> _ASSIGNED TASK_
All the lines below should be set down exactly, with no picture carried into the copy.

> _INPUT DATA_
■ ■ ■

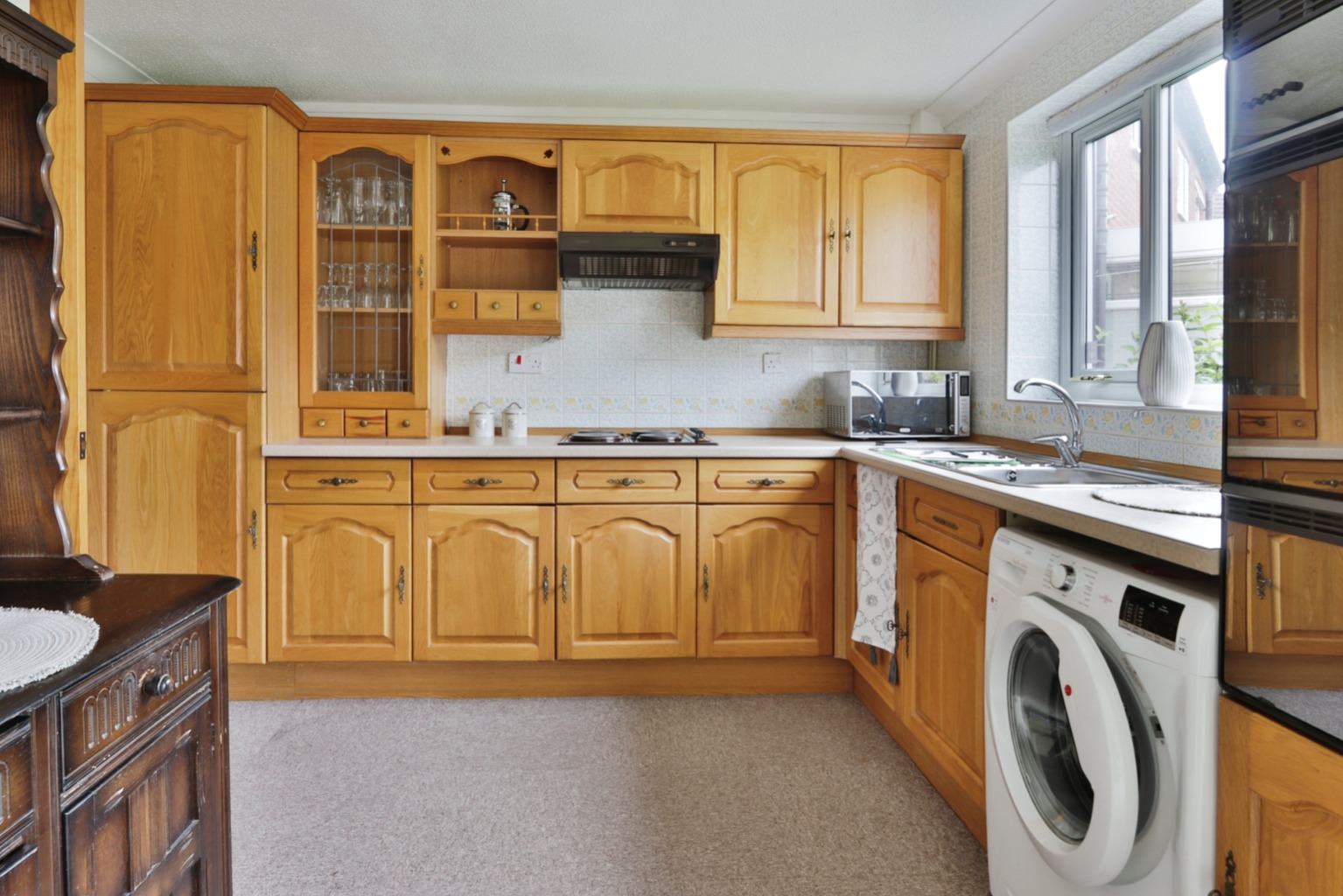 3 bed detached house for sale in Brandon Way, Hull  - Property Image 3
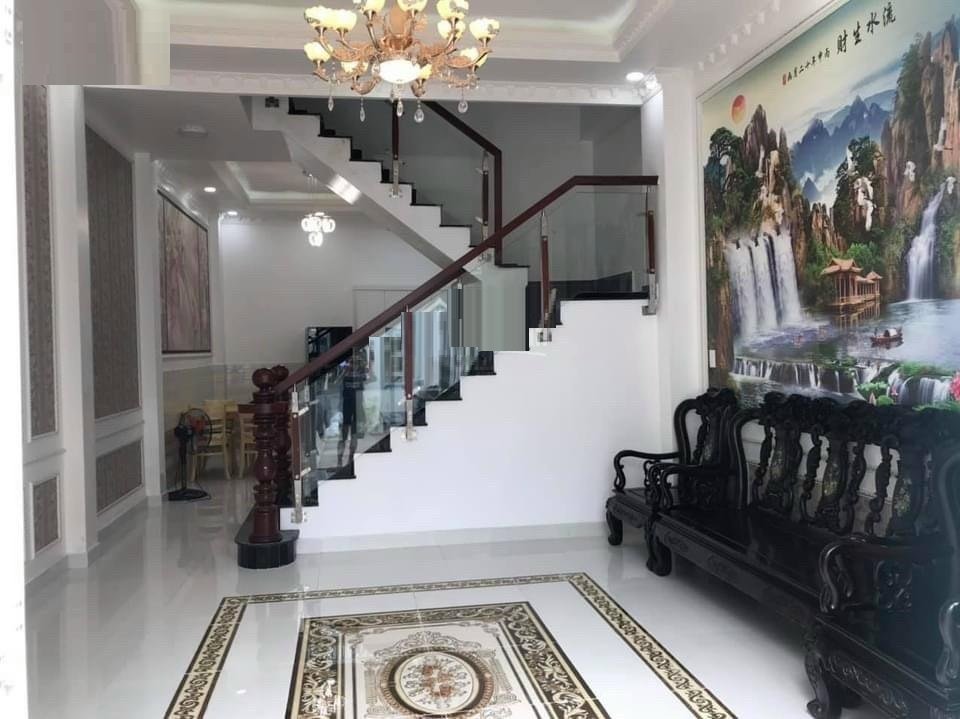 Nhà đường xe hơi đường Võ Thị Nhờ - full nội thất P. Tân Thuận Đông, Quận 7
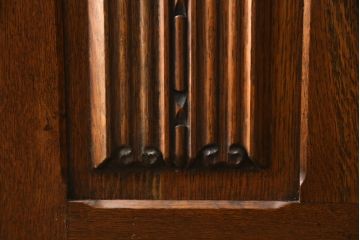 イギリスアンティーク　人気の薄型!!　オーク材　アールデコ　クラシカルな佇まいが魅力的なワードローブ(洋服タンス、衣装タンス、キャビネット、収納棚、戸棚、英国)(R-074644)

■ ■ ■

> _TASK RESULT_
 3 bed detached house for sale in Brandon Way, Hull  - Property Image 3
 Nhà đường xe hơi đường Võ Thị Nhờ - full nội thất P. Tân Thuận Đông, Quận 7
 イギリスアンティーク　人気の薄型!!　オーク材　アールデコ　クラシカルな佇まいが魅力的なワードローブ(洋服タンス、衣装タンス、キャビネット、収納棚、戸棚、英国)(R-074644)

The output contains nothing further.